Your objective →
Copy out nothing but the lines from the one holding "How to make an account on MetaMask?" through the end of the entries below, exactly as written and without the pictures.

Crawled caption data →

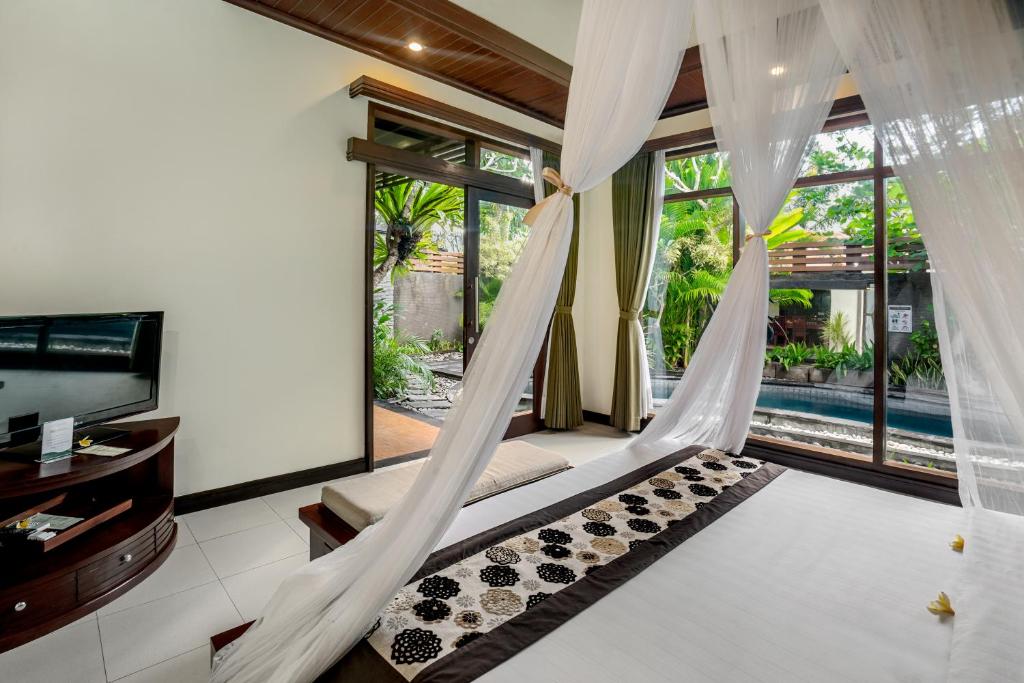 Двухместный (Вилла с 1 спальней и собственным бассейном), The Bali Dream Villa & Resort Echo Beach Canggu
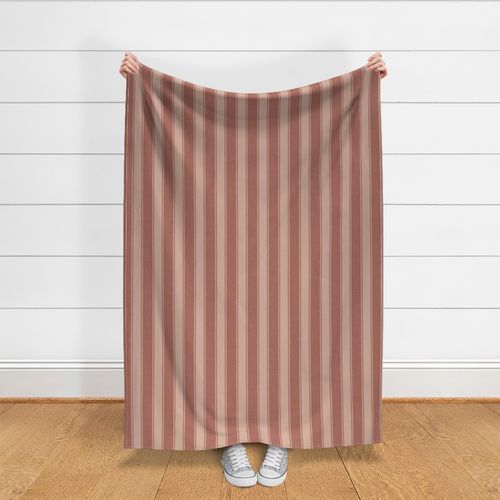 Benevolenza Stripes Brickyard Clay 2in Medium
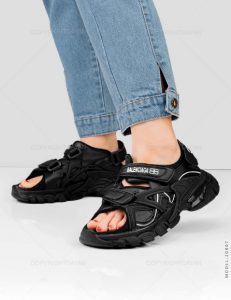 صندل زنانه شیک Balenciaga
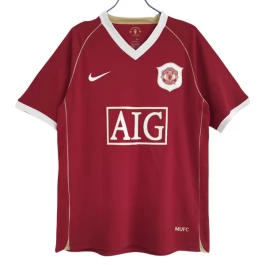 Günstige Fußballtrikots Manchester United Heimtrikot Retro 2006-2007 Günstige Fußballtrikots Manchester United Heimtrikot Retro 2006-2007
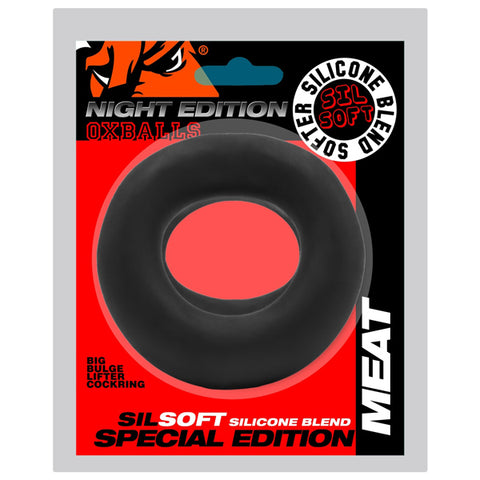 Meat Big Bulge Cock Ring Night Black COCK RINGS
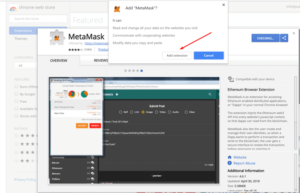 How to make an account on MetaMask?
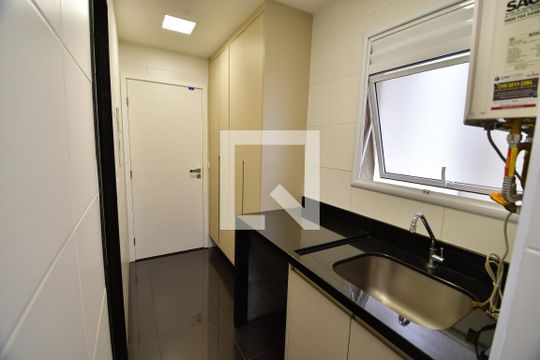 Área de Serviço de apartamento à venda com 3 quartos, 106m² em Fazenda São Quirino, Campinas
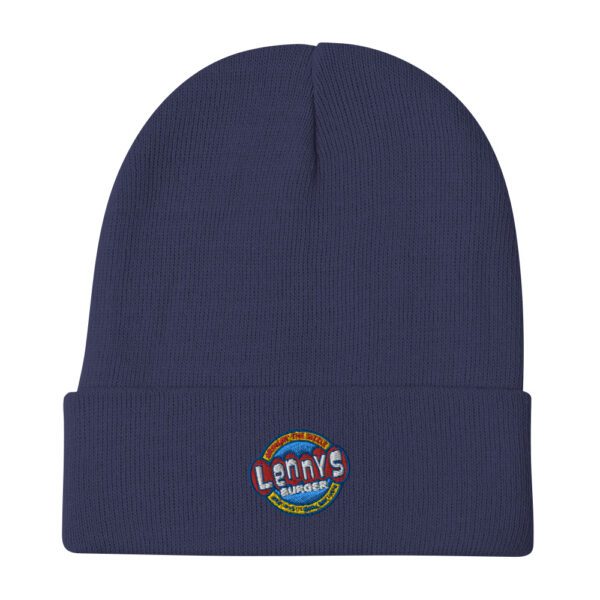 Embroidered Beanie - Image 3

Answer space →
 How to make an account on MetaMask?
 Área de Serviço de apartamento à venda com 3 quartos, 106m² em Fazenda São Quirino, Campinas
 Embroidered Beanie - Image 3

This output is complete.